Los legisladores españoles lo son, puesto que se creen buenos sin tener fundamento para ello. Dice la Constitución que las penas de cárcel han de estar orientadas a la reinserción. Eso es una estupidez y una maldad, porque la finalidad de las leyes no debería ser otra que la de proteger a los ciudadanos dispuestos a cumplirla y no a los delincuentes. Con éstos hay que tener contemplaciones, porque bastantes de ellos tienen un fondo humano mejor que el de muchos que jamás pisarán la cárcel. Está muy bien que en quienes se advierta que son de esta clase tengan facilidades y ayudas para aprender a vivir en sociedad. Pero hay otros con los que no hay nada que hacer, son los amantes de la impunidad, los que han optado por el mal. De estos hay que protegerse, hay que proteger a la sociedad. No se puede reinsertar a quien no quiere ser reinsertado. La cadena perpetua es una necesidad en este mundo en el que vivimos. Nos habría librado de muchos de los atentados de ETA. Y en la situación actual tampoco podrían ser motivo de cambalache para la supervivencia política del Felón.
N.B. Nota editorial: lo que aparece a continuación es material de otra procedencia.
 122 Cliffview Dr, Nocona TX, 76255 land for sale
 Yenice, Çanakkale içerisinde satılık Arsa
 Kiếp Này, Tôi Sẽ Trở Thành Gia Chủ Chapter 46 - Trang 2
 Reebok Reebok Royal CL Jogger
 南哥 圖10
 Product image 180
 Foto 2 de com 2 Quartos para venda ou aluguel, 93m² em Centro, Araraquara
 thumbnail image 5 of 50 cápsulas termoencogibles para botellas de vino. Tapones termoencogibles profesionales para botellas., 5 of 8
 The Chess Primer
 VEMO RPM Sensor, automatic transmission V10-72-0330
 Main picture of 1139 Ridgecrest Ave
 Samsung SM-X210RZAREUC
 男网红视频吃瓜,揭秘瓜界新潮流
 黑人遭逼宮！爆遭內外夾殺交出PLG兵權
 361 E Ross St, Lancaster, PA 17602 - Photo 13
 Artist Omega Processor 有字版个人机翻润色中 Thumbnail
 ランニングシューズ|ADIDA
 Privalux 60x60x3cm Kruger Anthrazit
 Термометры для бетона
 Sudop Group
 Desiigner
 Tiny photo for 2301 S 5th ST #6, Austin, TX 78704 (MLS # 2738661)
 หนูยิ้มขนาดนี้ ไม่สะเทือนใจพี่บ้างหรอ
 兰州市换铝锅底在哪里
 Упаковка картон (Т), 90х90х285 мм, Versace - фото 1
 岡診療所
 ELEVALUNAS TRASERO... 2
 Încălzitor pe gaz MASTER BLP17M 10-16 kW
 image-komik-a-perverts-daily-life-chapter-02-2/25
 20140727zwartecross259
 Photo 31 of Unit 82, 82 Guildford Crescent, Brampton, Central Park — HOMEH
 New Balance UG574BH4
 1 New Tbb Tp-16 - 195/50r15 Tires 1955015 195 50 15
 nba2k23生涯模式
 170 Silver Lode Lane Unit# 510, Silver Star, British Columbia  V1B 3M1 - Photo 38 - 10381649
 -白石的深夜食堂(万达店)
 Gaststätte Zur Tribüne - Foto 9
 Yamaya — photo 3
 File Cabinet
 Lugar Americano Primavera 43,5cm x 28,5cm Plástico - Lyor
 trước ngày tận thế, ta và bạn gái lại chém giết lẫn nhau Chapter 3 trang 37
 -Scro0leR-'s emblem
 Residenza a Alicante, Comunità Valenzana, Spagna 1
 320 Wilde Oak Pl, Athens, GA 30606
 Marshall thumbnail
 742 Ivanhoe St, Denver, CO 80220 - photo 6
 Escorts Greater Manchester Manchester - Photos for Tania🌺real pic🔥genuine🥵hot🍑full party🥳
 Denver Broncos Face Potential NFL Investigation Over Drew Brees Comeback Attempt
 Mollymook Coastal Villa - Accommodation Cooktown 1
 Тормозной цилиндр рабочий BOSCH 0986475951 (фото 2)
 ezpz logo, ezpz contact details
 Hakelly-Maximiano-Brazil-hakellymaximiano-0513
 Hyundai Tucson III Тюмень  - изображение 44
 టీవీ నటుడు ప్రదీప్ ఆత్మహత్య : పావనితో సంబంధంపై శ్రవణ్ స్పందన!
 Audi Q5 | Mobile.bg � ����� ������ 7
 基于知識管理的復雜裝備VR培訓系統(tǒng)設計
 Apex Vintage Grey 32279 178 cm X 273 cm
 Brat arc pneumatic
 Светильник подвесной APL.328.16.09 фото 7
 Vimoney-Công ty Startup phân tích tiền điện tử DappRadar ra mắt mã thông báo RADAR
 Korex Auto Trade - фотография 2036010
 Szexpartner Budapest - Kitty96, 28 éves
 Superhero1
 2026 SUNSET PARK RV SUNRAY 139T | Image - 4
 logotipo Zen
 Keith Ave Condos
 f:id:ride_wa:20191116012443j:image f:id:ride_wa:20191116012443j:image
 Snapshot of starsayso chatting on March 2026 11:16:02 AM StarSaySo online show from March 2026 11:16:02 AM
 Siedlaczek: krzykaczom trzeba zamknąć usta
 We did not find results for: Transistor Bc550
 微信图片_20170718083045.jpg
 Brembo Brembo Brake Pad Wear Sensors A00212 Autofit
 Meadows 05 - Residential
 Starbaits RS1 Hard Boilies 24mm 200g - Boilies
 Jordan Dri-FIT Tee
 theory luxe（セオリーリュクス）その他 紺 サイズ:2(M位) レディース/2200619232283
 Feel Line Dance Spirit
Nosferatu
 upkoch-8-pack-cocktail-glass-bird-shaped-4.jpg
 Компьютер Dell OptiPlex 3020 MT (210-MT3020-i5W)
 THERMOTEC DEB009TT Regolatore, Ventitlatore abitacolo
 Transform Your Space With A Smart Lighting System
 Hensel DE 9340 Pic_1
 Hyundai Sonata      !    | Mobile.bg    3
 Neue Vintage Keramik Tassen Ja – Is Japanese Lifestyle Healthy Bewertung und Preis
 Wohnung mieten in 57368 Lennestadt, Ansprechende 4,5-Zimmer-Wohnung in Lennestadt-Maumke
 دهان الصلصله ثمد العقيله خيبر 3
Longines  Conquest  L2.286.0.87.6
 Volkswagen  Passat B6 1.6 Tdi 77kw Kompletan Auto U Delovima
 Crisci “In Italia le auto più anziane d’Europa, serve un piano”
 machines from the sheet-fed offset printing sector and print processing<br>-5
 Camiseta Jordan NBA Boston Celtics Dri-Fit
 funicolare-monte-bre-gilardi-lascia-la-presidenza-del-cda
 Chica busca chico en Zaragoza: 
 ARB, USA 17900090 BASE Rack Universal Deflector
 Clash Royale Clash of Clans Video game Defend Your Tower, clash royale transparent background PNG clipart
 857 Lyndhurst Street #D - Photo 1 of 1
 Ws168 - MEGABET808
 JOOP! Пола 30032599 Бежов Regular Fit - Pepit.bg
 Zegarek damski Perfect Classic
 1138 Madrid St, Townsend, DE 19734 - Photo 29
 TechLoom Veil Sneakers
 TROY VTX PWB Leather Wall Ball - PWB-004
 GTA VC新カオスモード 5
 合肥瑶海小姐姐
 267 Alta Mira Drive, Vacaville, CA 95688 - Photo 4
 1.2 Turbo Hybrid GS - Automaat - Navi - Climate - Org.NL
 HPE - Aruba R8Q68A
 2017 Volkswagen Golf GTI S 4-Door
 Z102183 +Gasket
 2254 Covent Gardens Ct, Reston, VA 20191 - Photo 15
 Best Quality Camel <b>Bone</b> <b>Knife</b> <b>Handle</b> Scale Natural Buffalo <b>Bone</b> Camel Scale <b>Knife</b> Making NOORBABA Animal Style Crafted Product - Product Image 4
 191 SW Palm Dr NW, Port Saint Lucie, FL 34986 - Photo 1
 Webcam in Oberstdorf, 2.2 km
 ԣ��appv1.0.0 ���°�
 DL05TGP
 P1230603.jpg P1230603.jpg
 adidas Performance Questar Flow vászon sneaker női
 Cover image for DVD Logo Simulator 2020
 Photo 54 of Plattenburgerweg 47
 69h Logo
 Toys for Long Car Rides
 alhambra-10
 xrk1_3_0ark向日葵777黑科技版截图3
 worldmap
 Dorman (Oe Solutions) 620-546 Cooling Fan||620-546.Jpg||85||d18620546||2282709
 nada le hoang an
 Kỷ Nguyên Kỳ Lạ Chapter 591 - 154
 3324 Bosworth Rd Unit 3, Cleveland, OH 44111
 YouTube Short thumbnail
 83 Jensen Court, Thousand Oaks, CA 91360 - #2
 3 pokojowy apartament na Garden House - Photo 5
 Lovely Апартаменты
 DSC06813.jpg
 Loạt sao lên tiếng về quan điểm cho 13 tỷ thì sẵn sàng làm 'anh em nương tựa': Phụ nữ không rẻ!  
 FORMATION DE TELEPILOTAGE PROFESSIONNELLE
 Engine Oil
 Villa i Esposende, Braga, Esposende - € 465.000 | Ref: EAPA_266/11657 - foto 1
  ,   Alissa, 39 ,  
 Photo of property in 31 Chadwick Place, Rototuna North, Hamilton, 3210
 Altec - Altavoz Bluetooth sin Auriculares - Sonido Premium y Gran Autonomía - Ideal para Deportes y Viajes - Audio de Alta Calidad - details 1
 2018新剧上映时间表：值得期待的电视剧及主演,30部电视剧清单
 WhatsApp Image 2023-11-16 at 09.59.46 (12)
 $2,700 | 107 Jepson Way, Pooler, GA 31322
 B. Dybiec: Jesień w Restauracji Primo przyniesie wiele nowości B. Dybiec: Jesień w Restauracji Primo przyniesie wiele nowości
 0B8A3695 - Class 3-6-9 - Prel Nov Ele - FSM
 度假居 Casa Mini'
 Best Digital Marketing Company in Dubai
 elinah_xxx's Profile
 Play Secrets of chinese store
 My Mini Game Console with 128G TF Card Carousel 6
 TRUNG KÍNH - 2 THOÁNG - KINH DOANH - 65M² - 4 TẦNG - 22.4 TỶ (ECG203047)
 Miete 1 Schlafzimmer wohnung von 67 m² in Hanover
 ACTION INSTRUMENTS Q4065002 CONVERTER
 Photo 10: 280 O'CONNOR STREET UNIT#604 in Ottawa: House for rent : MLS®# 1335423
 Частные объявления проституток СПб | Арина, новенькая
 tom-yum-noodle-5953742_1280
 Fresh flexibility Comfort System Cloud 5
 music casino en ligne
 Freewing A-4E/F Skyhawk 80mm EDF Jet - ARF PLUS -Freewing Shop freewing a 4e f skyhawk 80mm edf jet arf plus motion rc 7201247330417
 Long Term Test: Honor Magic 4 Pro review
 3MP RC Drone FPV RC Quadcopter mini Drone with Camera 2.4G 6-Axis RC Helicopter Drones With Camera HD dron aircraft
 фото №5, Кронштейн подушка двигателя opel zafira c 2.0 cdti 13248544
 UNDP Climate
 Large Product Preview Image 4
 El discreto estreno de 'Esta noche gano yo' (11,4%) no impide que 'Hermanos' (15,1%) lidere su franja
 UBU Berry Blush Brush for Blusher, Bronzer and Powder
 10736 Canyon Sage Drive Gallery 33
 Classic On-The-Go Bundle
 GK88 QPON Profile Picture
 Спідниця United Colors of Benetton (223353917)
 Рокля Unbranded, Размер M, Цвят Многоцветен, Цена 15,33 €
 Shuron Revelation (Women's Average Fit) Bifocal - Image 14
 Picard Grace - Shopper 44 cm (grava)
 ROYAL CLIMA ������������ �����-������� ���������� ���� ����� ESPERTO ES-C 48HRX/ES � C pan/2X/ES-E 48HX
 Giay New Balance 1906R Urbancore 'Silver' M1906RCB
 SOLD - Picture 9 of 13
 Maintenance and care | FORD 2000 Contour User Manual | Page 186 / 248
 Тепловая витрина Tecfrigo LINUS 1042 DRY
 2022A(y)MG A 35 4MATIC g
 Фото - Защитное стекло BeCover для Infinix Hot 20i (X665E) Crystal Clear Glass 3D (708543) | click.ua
Así que aquellos legisladores, queriéndoselas dar de buenos, hicieron mucho daño a la sociedad.
Con la cadena perpetua, el asesino de Lardero no habría tenido oportunidad de asesinar al niño. La cláusula ‘revisable’ en la cadena perpetua me parece una ñoñez. Se debe revisar sistemáticamente a todos los presos de forma profesional y en aquellos casos en que se detecte que merece la pena poner a prueba al recluso.
Aquellos legisladores ‘buenistas’ ayudaron a envilecer a la sociedad. Estamos asistiendo a homenajes a terroristas.